Rice noodle rolls (as they are commonly known in English) are pretty much a standard on dim sum menus and are, indeed, one of my favorite selections. Typically, they consist of a sheet of steamed rice flour batter that is then rolled around various ingredients and served in sauce of some sort.
In Chinese, you will find these appearing as 腸粉, which translates as ‘intestine noodle’ from the resemblance to the same. It is pronounced in Mandarin as ‘chángfěn’. On menus, you may see it appearing as ‘Cheung Fan’, or ‘Cheong Fun’…
The main variety at the center of the above picture is one I was served in Vancouver’s Chinatown this past summer. The sauce here is a diluted, slightly sweetened Oyster Sauce, which is quite common, as are simple Soy Sauce, or a Hoisin Sauce based preparation (XO Sauce is sometimes used as well). Here, the filling is Chinese Barbecue Pork, which is not especially common. The most common fillings I have encountered are fresh shrimp or beef (ground or sliced). You can also get vegetarian types and, indeed the possibilities are endless. I liked the pork, although it was a little dry, but the noodle itself was thin and ‘al dente’ to the right degree.
The two top insets both show shrimp stuffed rolls, one from Vancouver and one from Ottawa. The one on the left had a noodle that was a bit thick and the sauce was just a plain, but very cheap and nasty, dark soy sauce that spoiled an otherwise decent preparation. The one on the right, which has the same rather inelegant look as the left one, was also served in soy sauce, but it was a dilute light soy. Unfortunately, it also had a little 5 spice powder added which is fairly common but which I dislike.
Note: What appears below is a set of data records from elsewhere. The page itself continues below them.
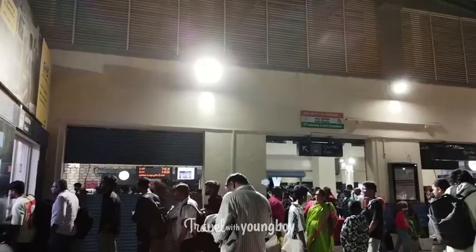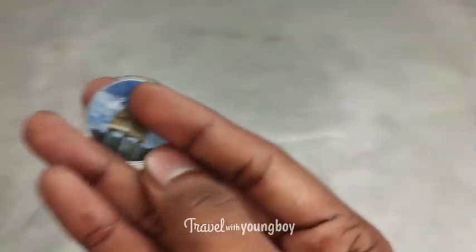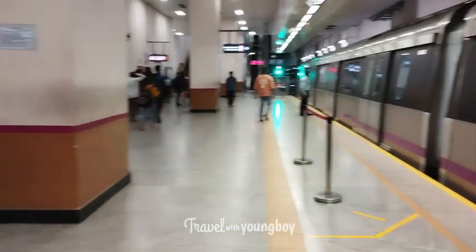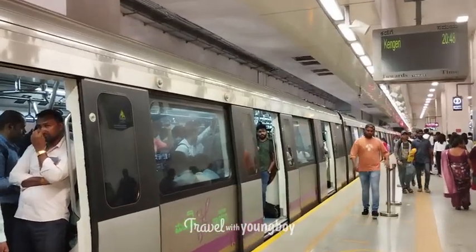You can do a ticket on the front. If you have a ticket, you can charge the ticket. You can scan your ticket. You can be very careful the entire way you take the ticket.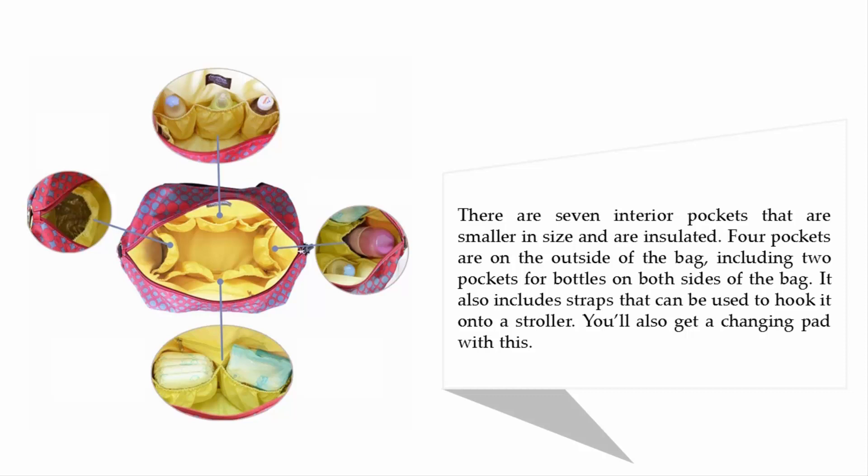4 pockets are on the outside of the bag, including 2 pockets for bottles on both sides. It also includes straps that can be used to hook it onto a stroller. You'll also get a changing pad with this.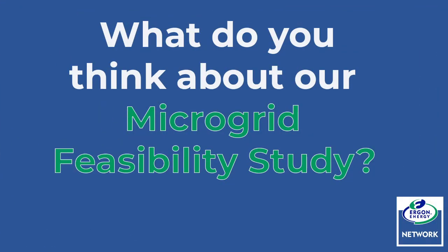So Ergon's microgrid feasibility study is trying to find ways to improve the resilience of the electricity supply to remote communities like Stanich Bay. What do you think about the project? Solar is great — it's been the best thing since sliced bread. If there are any other avenues you can go to to get better power usage, I think it would be great. Less power outages would be awesome.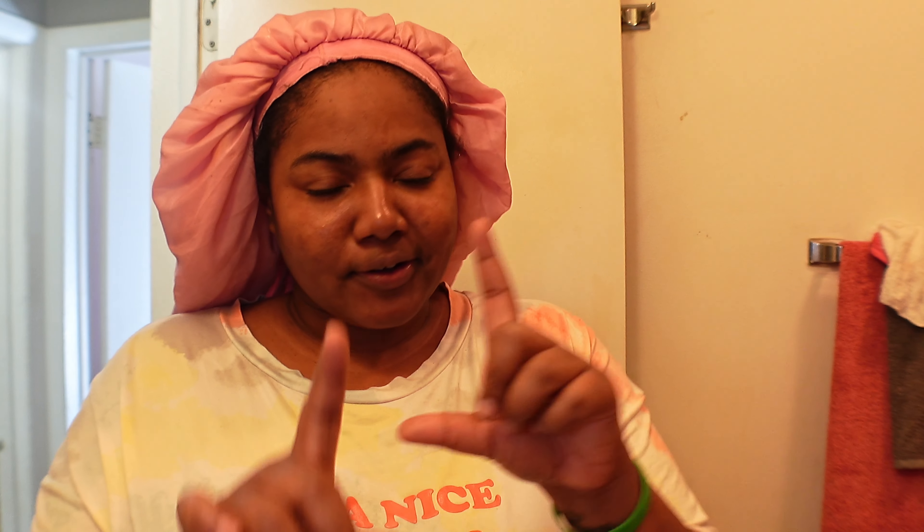Hey girl, hey! It's your girl Jayla Shay, welcome back to my channel. I was just trying to delete some footage off my camera and accidentally deleted the clip I just recorded, so I'm gonna have to tell y'all what I did because I'm not gonna do it again — this stuff costs too much money.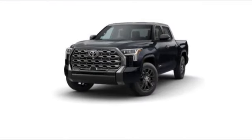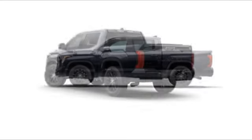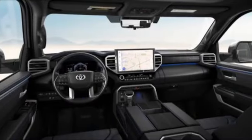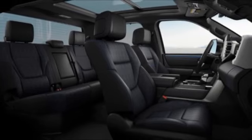Take a ride in the 2023 Tundra. Tundra has a number of unique features useful for those using it as a work truck, including extra large door handles, a deck rail system, and an integrated tow hitch.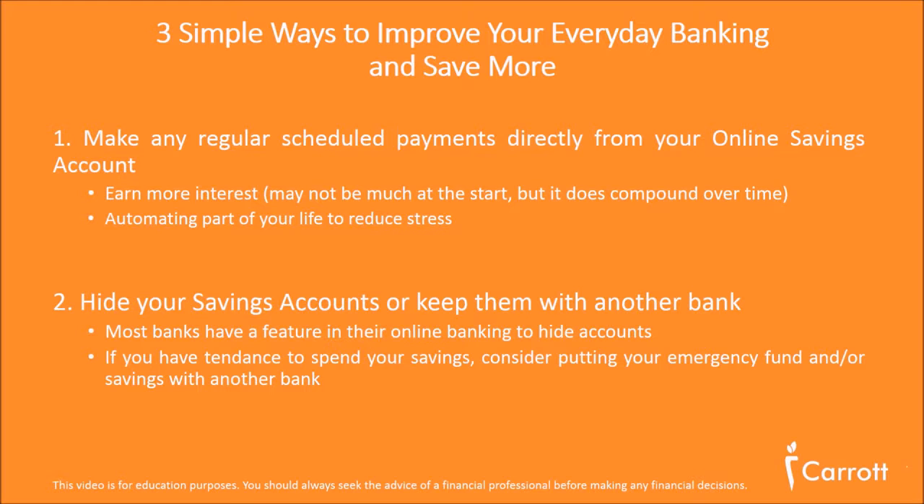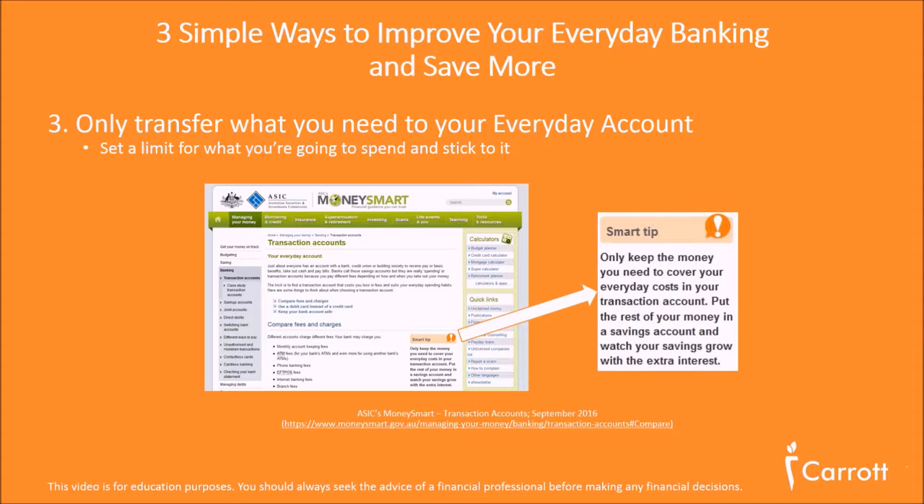Finally, the third way to improve your everyday banking and save more is to only transfer what you need into your everyday account. It seems so simple, but you'd be surprised how many people put an extra hundred, two hundred, or even five hundred dollars in their checking account and just leave it there — it doesn't earn any interest and it's doing you no good. As the Money Smart website says, you should only keep the bare minimum in there to cover your expenses and keep the rest in your savings account. It's compound interest — just put the minimum you need in there for your everyday needs.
The left picture also illustrates a common practice, and this is the partial cutting of each roll into three sections. Trying to pick up a whole roll with chopsticks can be tricky (a bit like picking up slippery sections of actual intestine, one imagines), hence the standard cuts. The BBQ Pork variety was not, as you can see, cut into threes but, in truth, it is usually easy enough just to ‘cut’ the noodle with a chopstick before trying to eat it.
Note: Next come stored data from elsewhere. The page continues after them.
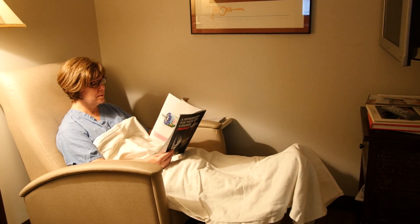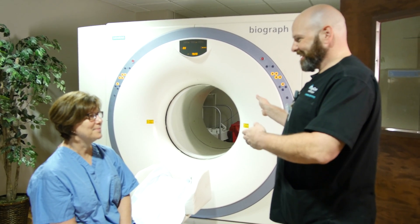Then after that, we inject the patient with the radiopharmaceutical. Then we have to wait at least an hour before we scan them for the medicine to circulate. The scan itself will take about 20 minutes. The injection that we give is a radiopharmaceutical — it's a form of glucose, and it has no effect on the patient. All it does is allow us to take the pictures, and it has to circulate an hour before we start.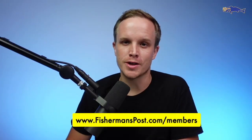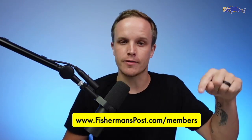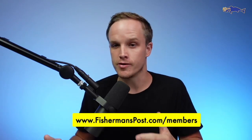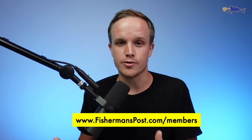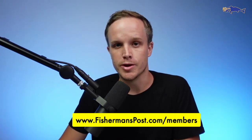This is Billy over at Fisherman's Post, and thank you so much for checking out our highlights reel from this week's fishing report. You can sign up right here at FishermansPost.com/members. A question we get often is: I enjoy the highlights, but how do I sign up to get the whole hour worth of content? That's how you do it — FishermansPost.com/members. If you have any questions or trouble logging in or access, just reach out to us and we will be sure to help you out.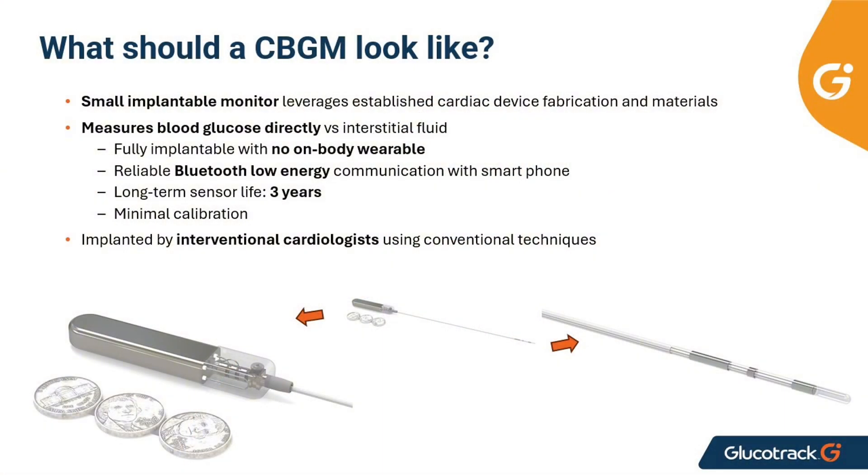The system is fully implantable with no on-body wearable components. This enables a hands-off, set-it-and-forget-it approach. We also have a long-term battery and Bluetooth antenna incorporated into the implanted device, allowing it to talk directly to a smartphone.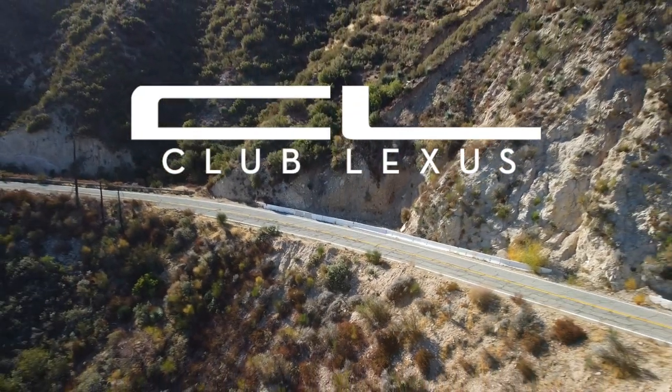Thank you so much for watching. Please head over to the Club Lexus forums to join us there, check us out on Facebook and Instagram, and please like, share, and subscribe. We'll see you on the next video — I'm Michael, I'm Puria, for ClubLexus.com. Have a great day!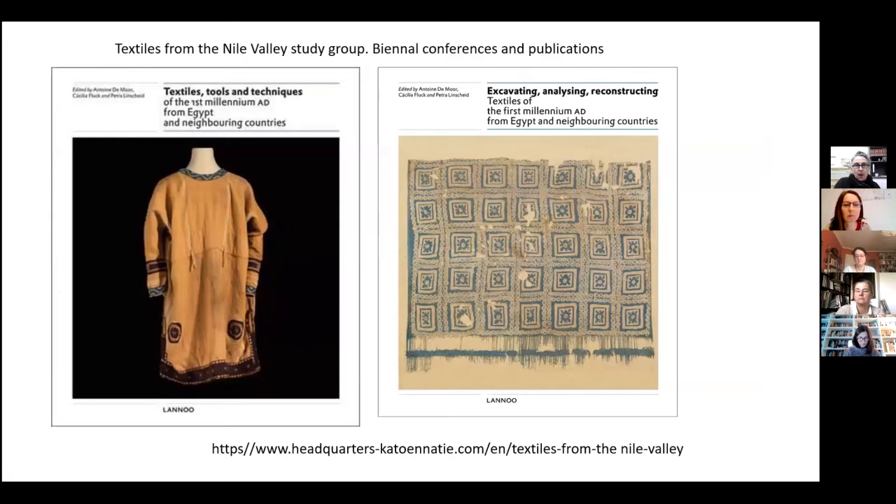I wanted to point to the Nile Valley Study Group, which is a group that formed around 1990 to 1996, and which holds a conference every second year in Antwerp. You can see at the bottom the internet link for the conferences, and after each conference we publish the proceedings. You see two of the volumes here. I'm co-organizer and co-editor of these volumes together with colleagues from Berlin and Antoine de Moore who is in Antwerp.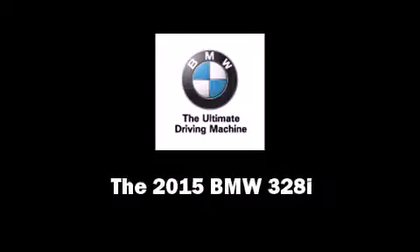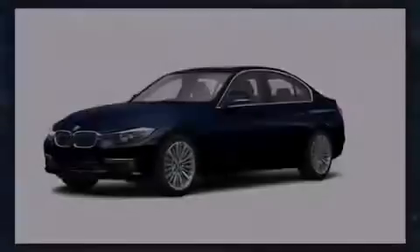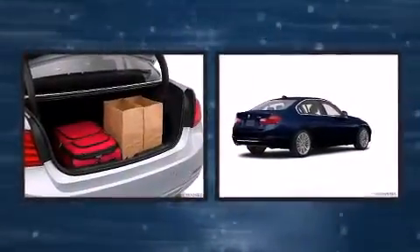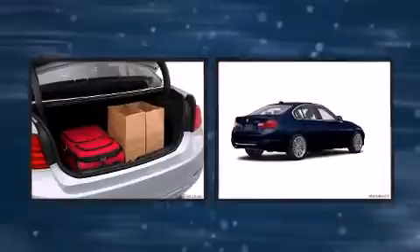Outstanding design defines the 2015 BMW 328i. This four-door, five-passenger sedan provides a satisfying ride for all passengers.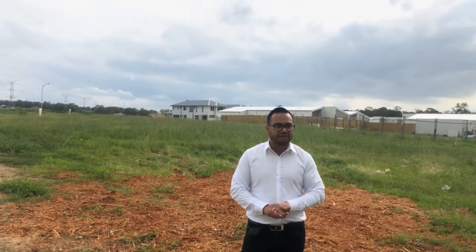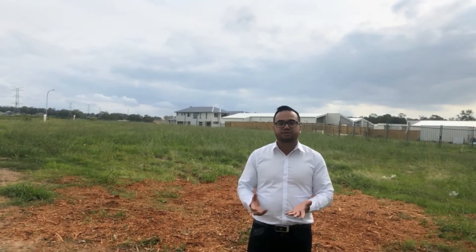Very, very nice block, fairly flat. If you're looking to build your dream home, give us a call. We'd love to help you out. Thank you.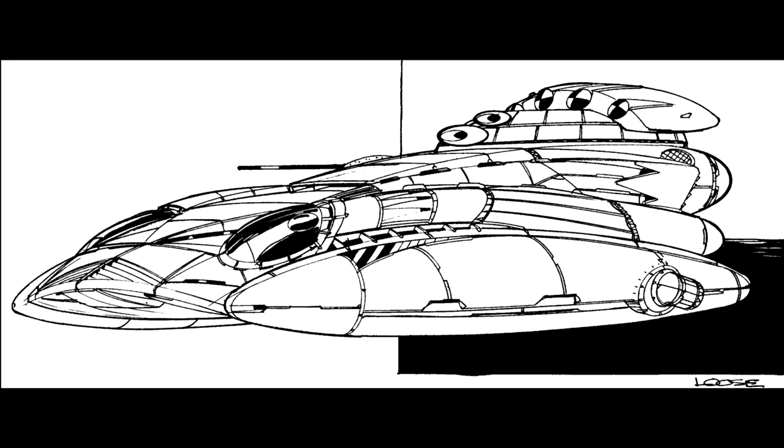Variants: The only variant of the hover tank was introduced in 3067. It dropped the large laser and one heat sink in favor of two additional medium lasers and an SRM-6 rack with a single ton of ammunition, providing more close-range firepower.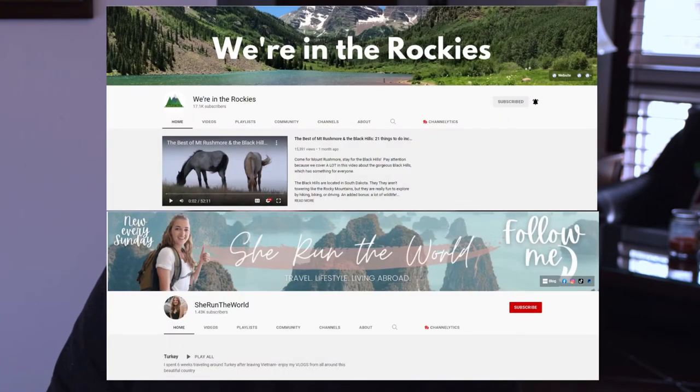I'll leave a couple of links to some channels in the description. One is We're in the Rockies and another one is She Run the World. Both of those channels really cover more in depth what to do and tips and tricks on visiting Yellowstone National Park.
Finally, not all Chang Fen are stuffed. The inset at the lower left shows one in which unstuffed sections of a roll are served in a sauce with other ingredients. This is not a restaurant roll, rather one purchased in a package from a Chinese store in Ottawa. One can also buy similar rolls where dried shrimp and scallion are actually incorporated into the batter before the roll is steamed. Unfortunately, I have no picture of that type to show you.